Florence Beatrice Price: Songs of the Oak. © 2022 Naxos Rights (Europe) Ltd

CD Spotlight

Melodic Invention and Heartfelt Sincerity

GERALD FENECH recommends a Naxos recording of orchestral music by Florence Beatrice Price

'John Jeter and his Württembergische Philharmonie Reutlingen provide truly splendid performances, vibrant and often pulsating, and superbly balanced.'

 

Florence Beatrice Price was born on 9 April 1888 in Little Rock, Arkansas. She studied composition and organ at New England Conservatory in Boston and afterwards taught as a pianist in the music department at Shorter College in Arkansas (1906-1910) and Clark University in Georgia (1910-1912). In 1926 Florence Price and her family moved to Chicago to evade the racial hatred she was surrounded with. In this city, her musical career flourished and many opportunities presented themselves for her to develop her talents as a teacher and professional musician. Seizing the chance to further her education, Price enrolled at the Chicago Music College, where she studied orchestration and harmony under such illustrious instructors as Carl Busch, Wesley La Violette and Arthur Olaf Anderson. It was also during this period of her life that Price met Leo Sowerby, who was an influential composer of church music.

It was in the early 1930s that her career rose to new heights. Price's first major orchestral work was the Symphony in E minor premiered by the Chicago Symphony in 1933. This event was quite unique for its time, as this work was the first symphonic essay by an Afro-American woman to be performed by a major orchestra. This performance solidified the composer's reputation as a concert pianist and composer, and Price's popularity would continue to grow. John Alden Carpenter, a prominent composer of the time, was a great admirer of Price's work and, through his advocacy, Price became a member of the National Association for American Composers and Conductors.

Price's music is so good it even attracted, back then, the talents of renowned singer Marian Anderson who performed 'Songs of the Dark Virgin' to great public acclaim. Throughout her career, Florence Price achieved many notable accomplishments and was admired by both audiences and fellow musicians. Publishers always looked forward to making her compositions accessible to all concerned. Despite setbacks due to prejudice of race and gender, her wonderful compositions came to be enjoyed by a wide audience worldwide, and in many respects this courageous composer remains today a formidable representative of the musical culture that flourished during the Harlem Renaissance of the 1920s and 30s. Price died on 3 June 1953, aged sixty-five.
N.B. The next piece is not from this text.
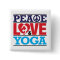 Peace, Love and Yoga Button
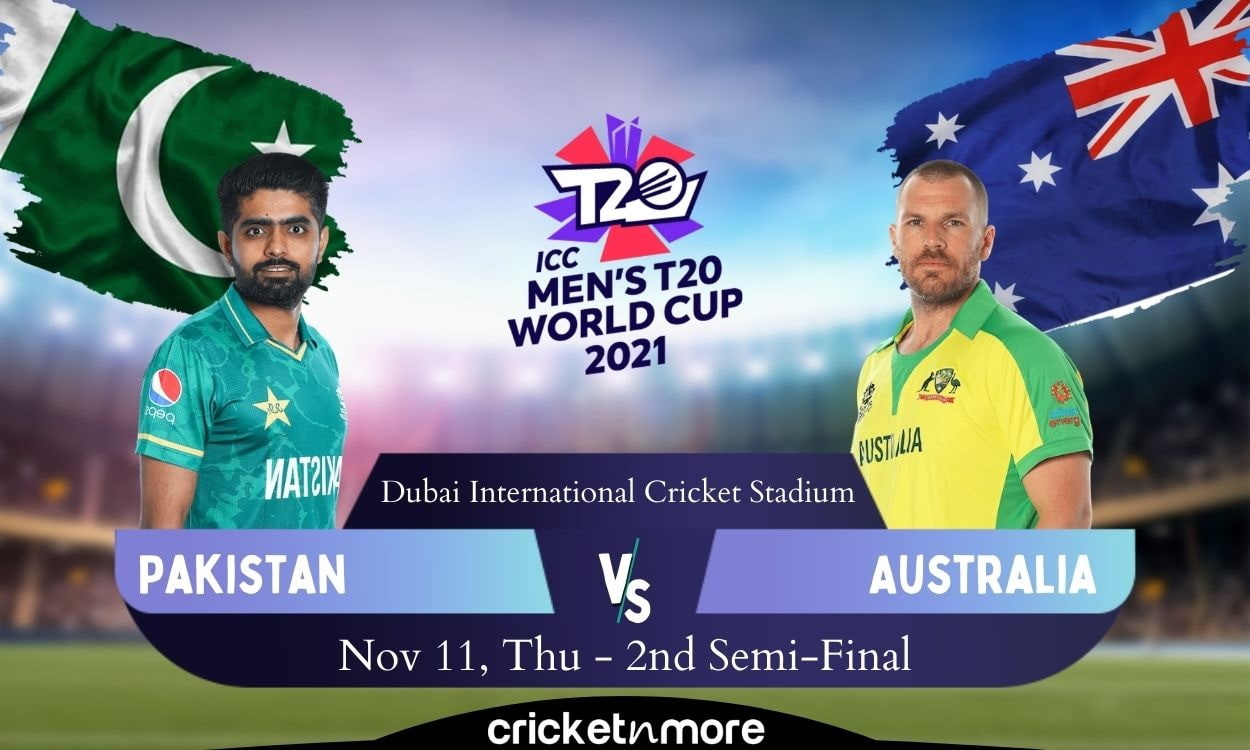 Pakistan vs Australia, T20 World Cup Semifinal – Cricket Match Prediction,  Fantasy XI Tips & Probable XI On Cricketnmore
The variety of genres represented on this release - overtures, tone poems and dances - place Price's immense artistic imagination on full display. Opening the album, the two overtures show her deep connections to the repertoire of spirituals dating from Black enslavement. Concert Overture No 1 (1939), a rumination on the spiritual 'Sinner Please Don't Let This Harvest Pass', unfolds in a series of episodes that state the theme in its totality or present it as fragments with shifting orchestral colours and unsettled harmonies. A beautiful choral tune and a brass fanfare offer distinct emotional contrasts.

Listen — Florence Price: Concert Overture No 1
(8.559920 track 1, 8:46-9:44) ℗ 2022 Naxos Rights (Europe) Ltd :

The first half of Concert Overture No 2 (1943) presents three miniature scenes in rapid succession. Based on three spirituals, the musical character of these sections moves from sombre to poignant to ebullient. The more abstract second half combines melodic fragments from the three previous sections into a unified portrait that closes with a return to the profundity of Moses' cry for liberation found in the spiritual 'Go Down, Moses'.
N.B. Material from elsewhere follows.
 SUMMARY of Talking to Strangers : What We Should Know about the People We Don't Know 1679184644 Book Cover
Price's tone poems Songs of the Oak and The Oak, both dating from 1943, are two different propositions. The first is a tour-de-force of Hollywood influenced picturesque musical storytelling, replete with imitations of woodland creatures interacting with the mighty oak tree that seems to protect them from danger. All this is described in several statements given by a full complement of brass. Tolling chimes close the piece as the stoic oak appears to stand unshaken for eternity.

Listen — Florence Price: Songs of the Oak
(8.559920 track 3, 2:37-3:30) ℗ 2022 Naxos Rights (Europe) Ltd :

The Oak shares certain sonic elements - powerful brass and fluttering woodwinds, for example - and unfolds in a series of internally anxious, almost Wagnerian, episodes that ultimately end in tragedy.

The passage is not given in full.